Богдановский тревожно переглянулся с Савченко. Это не укрылось от наблюдательного Штеймана.

— Учу вас, учу, все бесполезно, — покачал он головой. — Если бы я даже ничего не знал, то теперь по вашим тревожным взглядам догадался бы о многом. Видимо, Дронго подозревает, что вся операция была не совсем такой, какую пытаются преподнести общественности. Повторяю: я не хочу вникать в ваши секреты, но ему было важно узнать, каким образом сколотилась эта группа. И он это узнал. Там была еще одна фраза о Захохове, который мог достать все, что угодно. Если ее внимательно проанализировать, то она лишь подтверждает некое особое положение этого осужденного.

— Вот так, — сказал Алексей Федорович, еще раз посмотрев на Савченко. — Все наши офицеры, оперативники и аналитики не стоят и ногтя Семена Абрамовича. Он сумел правильно проанализировать «буйное» поведение Дронго в колонии. Что нам теперь делать?

— В любом случае решайте без меня, — тяжело поднялся со своего места Штейман.

Оба офицера тоже сразу поднялись.

— И еще, — добавил Семен Абрамович. — Я не знаю всех деталей вашей операции и не должен их знать. Но я точно знаю, что таких экспертов, как Дронго, у вас нет и не скоро будут. Поэтому постарайтесь его уберечь от неприятностей любым способом. Такой человек вам еще очень пригодится. Подумай над моими словами, Алеша.

Он повернулся и пошел к выходу, опираясь на палку. Богдановский уселся на свое место и недовольно посмотрел вслед ушедшему.

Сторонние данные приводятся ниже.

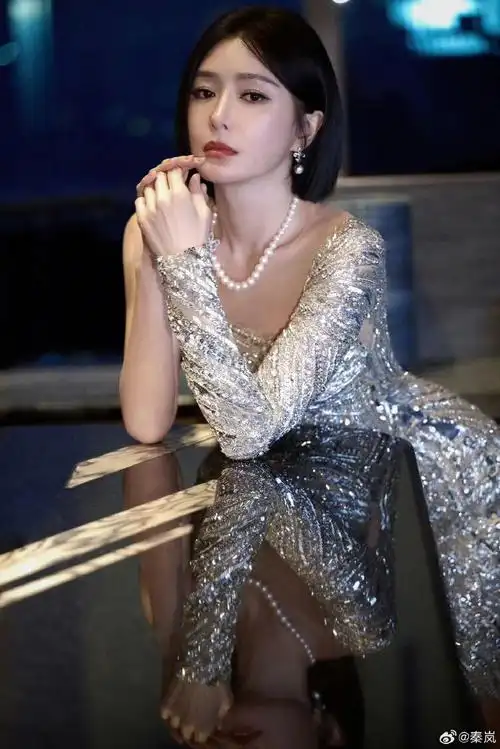 卓文萱,曾沛慈,蔡文静,姜佩瑶,陈瑶,黄婷婷,李艺彤,吴宣仪,傅菁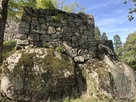 大矢倉 巨岩の上の石垣…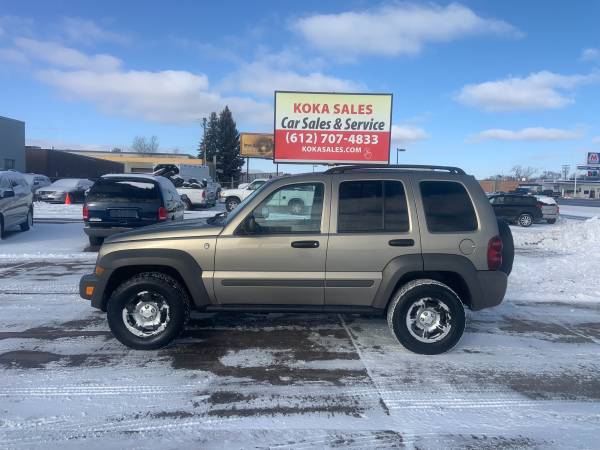2006 Jeep Liberty Sport 4X4 - - by dealer - vehicle for sale in Osseo, MN – photo 6
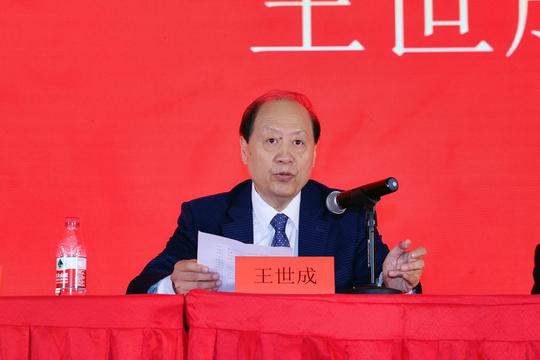 坚持科技创新引领塑料加工业由大向强发展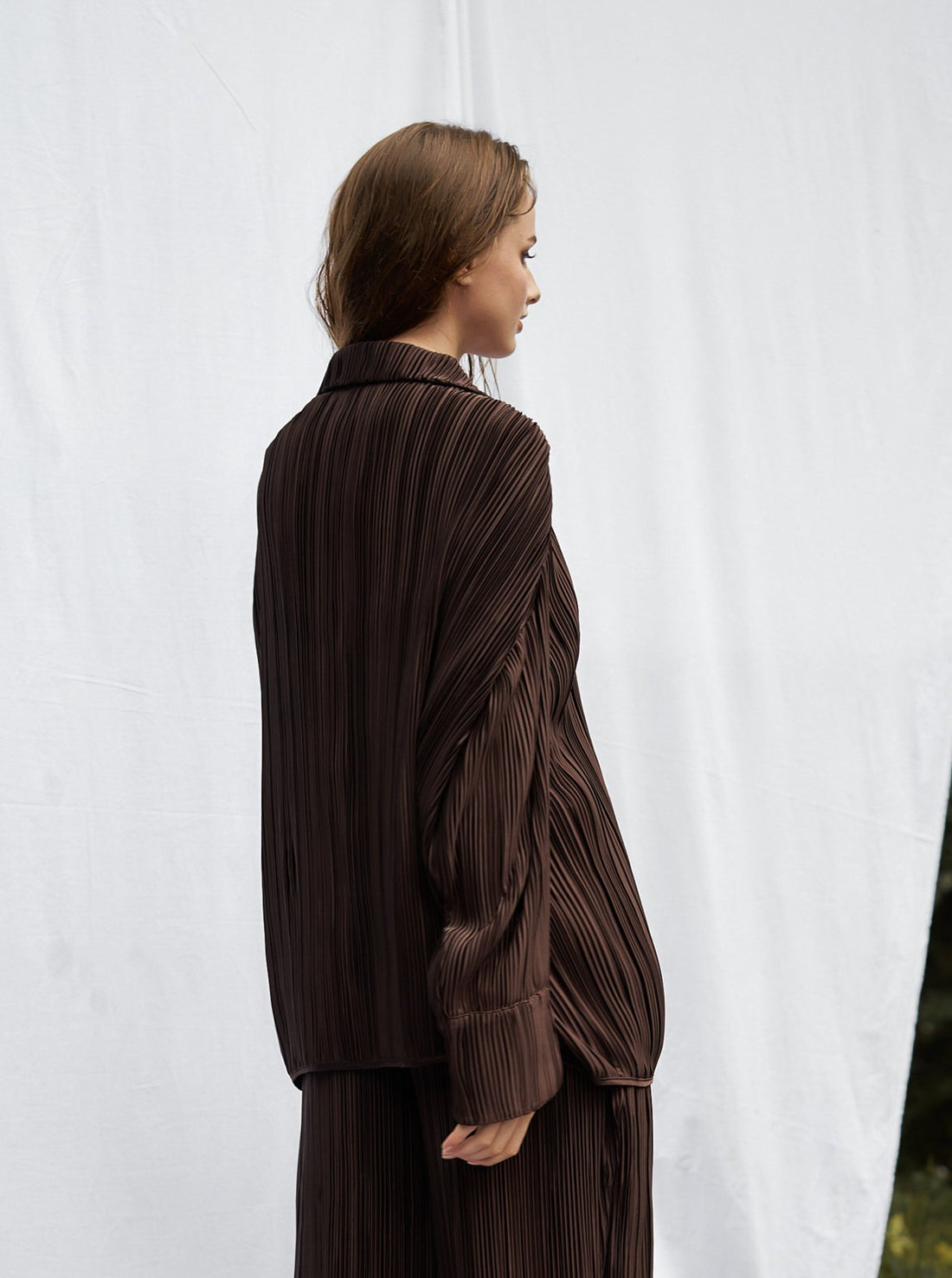 elegant satin pleated shirt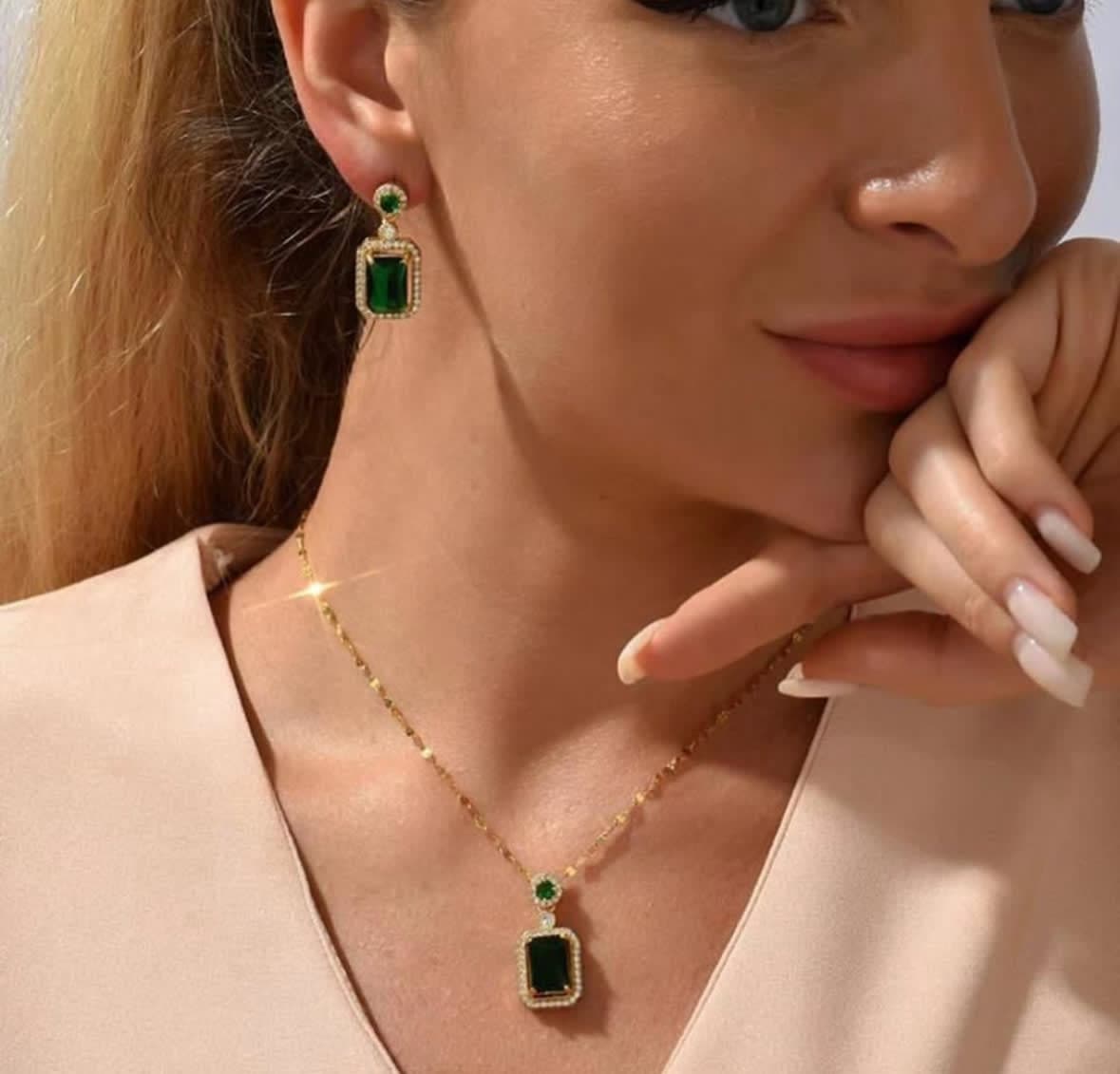 Zircon stoned Necklace and Earring Set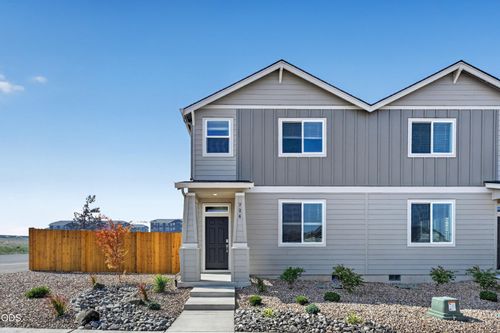 726 Nw Varnish Pl, Redmond, OR, 97756-2234 | Card Image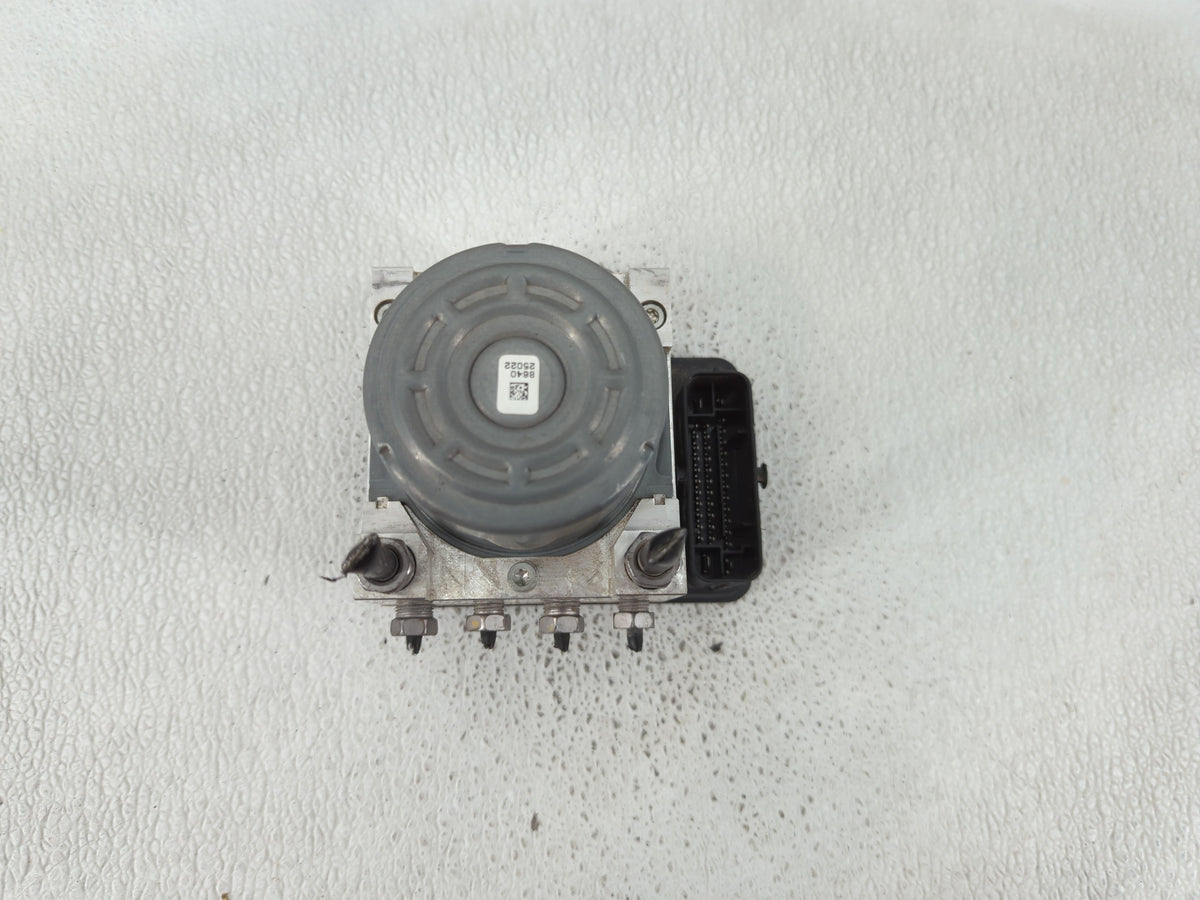 2013 Cadillac Ats Anti-Lock Brake ABS Pump Module Actuator OEM P/N:22994568 Fits OEM Used Auto Parts - Oemusedautoparts1.com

— А решение должен буду принимать я, — хмуро проговорил он. — Интересно, как именно я должен поступить, если завтра придет Дронго и скажет, что все уже знает? Как бы вы поступили, полковник?

— Не знаю, — честно ответил растерявшийся Савченко. — С учетом всех обстоятельств я просто не знаю.

— Вы мне помогли, — поморщился Богдановский, — я тоже не знаю. Только в отличие от вас я должен буду решать и не имею права ответить как вы.